Objects (JSON) in My Game
How objects and JSON-style data are used in my JavaScript ocean game.
Objects (JSON) in My Game
What Are Objects?
Objects store related information using key-value pairs.
Example:
const player = {
name: "Octopus",
health: 100
};
Objects are used to organize complex data in programming.
Games use objects for:
- players
- enemies
- settings
- positions
- animations
- configurations
My game heavily relies on objects to manage gameplay systems.
What Is JSON?
JSON stands for:
JavaScript Object Notation
JSON uses object-style formatting to organize data.
Example:
{
id: "EnemyElon",
speed: 2.2
}
My game uses many JSON-style objects for configuration and game data.
Why Objects Are Important
Without objects, game data would become disorganized.
Objects allow the game to group related information together, such as:
- positions
- animations
- image paths
- hitboxes
- movement settings
Objects make systems easier to manage and reuse.
Example 1: Background Object
My game uses an object to configure the background.
const bgData = {
id: "Water",
src: path + "/images/projects/ocean/bg/reef.png",
pixels: { height: 597, width: 340 }
};
Explanation
This object stores:
- background ID
- image path
- image size
All related data is grouped together.
Example 2: Player Object
The octopus player uses a large object.
const octopusData = {
id: "Octopus",
greeting: "Hi I am Octopus!",
SCALE_FACTOR: 5
};
Explanation
This object stores:
- player name
- dialogue
- animation settings
- movement information
- rendering configuration
Objects help organize complex character systems.
Example 3: Position Objects
Objects are used for positions.
INIT_POSITION: {
x: width * 0.7,
y: height * 0.6
}
Explanation
This object stores:
- x position
- y position
Position objects help place game entities on the screen.
Example 4: Hitbox Objects
Collision systems use objects.
hitbox: {
widthPercentage: 0.4,
heightPercentage: 0.4
}
Explanation
This object stores:
- collision width
- collision height
Objects keep collision settings organized.
Example 5: Enemy Objects
Enemies are configured using reusable objects.
const baseEnemy = {
src: sprite_src_enemy,
SCALE_FACTOR: 5,
ANIMATION_RATE: 0
};
Explanation
This object stores:
- enemy image data
- animation speed
- rendering settings
- movement configuration
Other enemies can reuse this object structure.

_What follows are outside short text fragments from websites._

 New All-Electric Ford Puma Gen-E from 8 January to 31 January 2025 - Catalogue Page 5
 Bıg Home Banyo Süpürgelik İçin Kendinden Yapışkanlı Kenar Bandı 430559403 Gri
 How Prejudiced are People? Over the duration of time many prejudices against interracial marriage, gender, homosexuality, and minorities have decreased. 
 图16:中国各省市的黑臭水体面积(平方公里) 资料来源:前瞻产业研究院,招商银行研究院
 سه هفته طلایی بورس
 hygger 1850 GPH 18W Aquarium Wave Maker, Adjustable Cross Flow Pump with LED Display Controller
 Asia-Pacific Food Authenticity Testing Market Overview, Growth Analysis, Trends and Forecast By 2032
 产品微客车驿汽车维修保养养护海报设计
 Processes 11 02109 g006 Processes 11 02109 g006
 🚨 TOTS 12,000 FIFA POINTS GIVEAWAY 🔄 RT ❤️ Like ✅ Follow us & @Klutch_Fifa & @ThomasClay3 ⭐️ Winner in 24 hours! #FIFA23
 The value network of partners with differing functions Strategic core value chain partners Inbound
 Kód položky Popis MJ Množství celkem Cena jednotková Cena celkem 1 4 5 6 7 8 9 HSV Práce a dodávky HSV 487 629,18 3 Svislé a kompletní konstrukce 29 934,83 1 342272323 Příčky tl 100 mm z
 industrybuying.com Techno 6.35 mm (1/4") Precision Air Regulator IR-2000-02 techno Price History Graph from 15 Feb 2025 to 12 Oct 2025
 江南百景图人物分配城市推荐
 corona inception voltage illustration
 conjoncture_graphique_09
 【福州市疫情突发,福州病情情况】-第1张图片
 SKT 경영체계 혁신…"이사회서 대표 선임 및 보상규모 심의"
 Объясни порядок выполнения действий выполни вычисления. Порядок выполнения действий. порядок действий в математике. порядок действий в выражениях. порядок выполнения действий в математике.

Example 6: Goldfish Objects
Goldfish are created with object data.
data: {
id: `Goldfish${i}`,
greeting: "+10 Points!"
}
Explanation
Each goldfish object stores:
- unique IDs
- collectible behavior
- dialogue information
Objects allow every game entity to have its own properties.
Example 7: Nested Objects
My game uses objects inside other objects.
pixels: {
width: 200,
height: 100
}
Explanation
This is called a nested object.
Nested objects help organize:
- dimensions
- positions
- animations
- grouped settings
This keeps code clean and readable.
Why Objects (JSON) Help My Game
Objects improved my project by:
- organizing complex data
- grouping related properties together
- simplifying game configuration
- improving readability
- making systems reusable and scalable
Without objects, the game code would become difficult to manage.